From the line with "Table 3 shows" through the line with "У Луганську на", inclusive, return each line of the data below exactly and leave the rest out.

**Input for this task:**
++++++++++

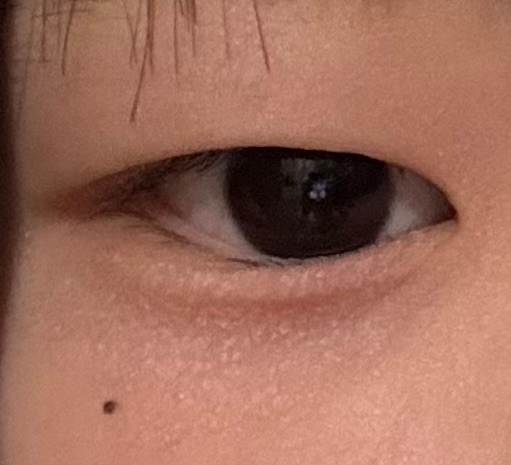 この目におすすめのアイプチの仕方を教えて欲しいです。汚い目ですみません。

++++++++++

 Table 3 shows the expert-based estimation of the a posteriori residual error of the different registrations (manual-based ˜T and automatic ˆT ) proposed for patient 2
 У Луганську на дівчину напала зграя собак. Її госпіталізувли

++++++++++

**Result of this exercise:**
 Table 3 shows the expert-based estimation of the a posteriori residual error of the different registrations (manual-based ˜T and automatic ˆT ) proposed for patient 2
 У Луганську на дівчину напала зграя собак. Її госпіталізувли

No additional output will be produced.